Mentre Pomponio favellava, Cesare lo ascoltava attentamente,
volgendo però spesso gli occhi agli Scipioni. Ma a quelle parole
egli gettò con la destra il lembo della toga sull’omero sinistro,
ed alquanto sdegnoso interruppe: — Qual mai sarebbe la sorte
di una cittá governata da cosí pacifico ingegno come tu sei?
Pomponio rispose calmato: — D’essere oppressa con ingiustizia,
o felice senza iniquitá. —
Cesare alquanto sorridendo aggiunse: -— Se alcuna cittá si potesse fondare in luogo inaccessibile alle offese delle altre nazioni, certo non solo questa soave tua filosofia sarebbe grata ad udirsi, ma utile, e da tutti bramata in quotidiana esecuzione. Ma poiché nascono le cittá nuove in mezzo delle antiche, e che tutti i popoli, o liberi o sommessi che sieno, vengono continuamente spinti da un funesto impeto alla usurpazione, questa che tu vanti quieta prosperitá, sperare non si può da chi nella storia contempla le umane vicende e ne giudica poi con probabili sentenze. Roma nacque, egli è vero, da umili principi, ma non usurpando l’altrui. Avvegnaché era deserta quella regione dove Romolo adunò i nostri progenitori. Certo è lodevole proponimento il ridurre una terra abbandonata in florida abitazione di gente valorosa. Né ti dolga ch’egli adunasse fuorusciti e venturieri, e, se vuoi che dica, malfattori, perocché liberò cosí la Italia da un ingombro pernizioso. Coloro, quasi armenti fuggiaschi, furono da tal pastore sommessi al giogo d’imperio moderato; e quelle menti ritrose alfine conobbero, per tale disciplina, l’autoritá della ragione, da loro schernita per l’addietro.
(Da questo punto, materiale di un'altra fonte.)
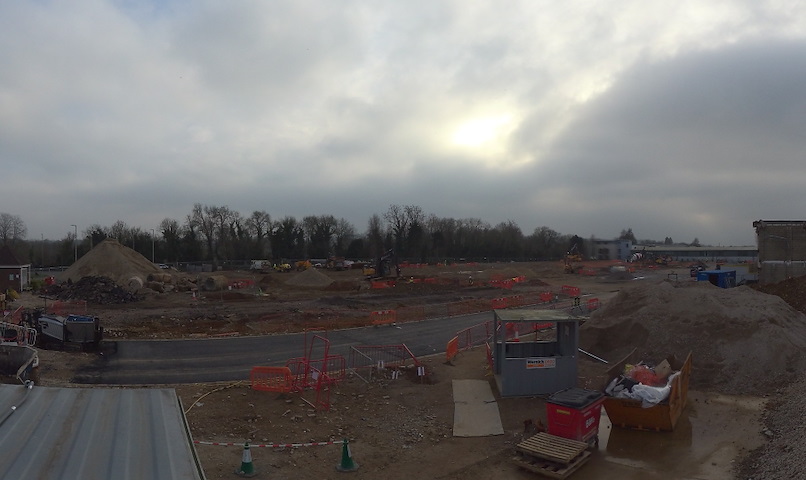 Harleyford, Watford Image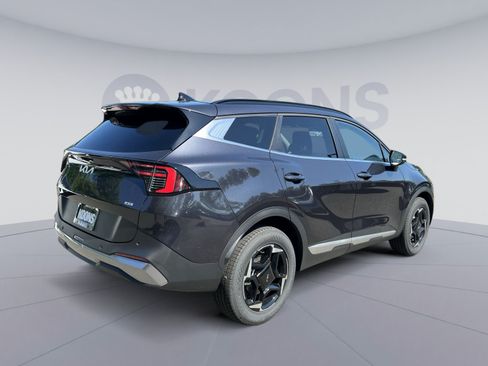 New 2026 Kia Sportage EX w/ EX Panorama Roof Package AWD/4WD image 7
Né ti attristi, quasi fosse maravigliosa indegnitá, che uomini disgiunti dal sesso piú leggiadro intendessero procurarsi in ogni modo il necessario conforto degl’imenei: avvegnaché prima del tanto deplorato rapimento delle vergini sconsolate, i Romani aveano giá piú volte, e con supplichevoli instanze, richieste a’ vicini le fanciulle per consorti ad oneste condizioni. Ma gli sdegnosi ed acerbi rifiuti costrinsero alla fine i nostri al ratto da te or mestamente biasimato. Pur le vergini meno di te furono dolenti del caso loro, anzi ce lo perdonarono agevolmente: le quali, ben sai, discinte e belle si lanciarono fra le squadre in procinto, e spensero con soavi parole e col pianto le ire crudeli. Non tregua, non pace, non alleanza, ma comune imperio fra noi e gl’implacabili Sabini fu il mirabile effetto di quella dolce intercessione. Quindi il regno di Numa durato piú che otto lustri senza guerre e senza congiure, non temuto, ma venerato, sembra una immagine di celeste benignitá piú tosto che umano governo. Niuna gente vantare si può di cosí inerme, placida, giusta dominazione in mezzo di sdegnati e bellicosí vicini, rattenuti solo dalla sacra maraviglia per quella virtú.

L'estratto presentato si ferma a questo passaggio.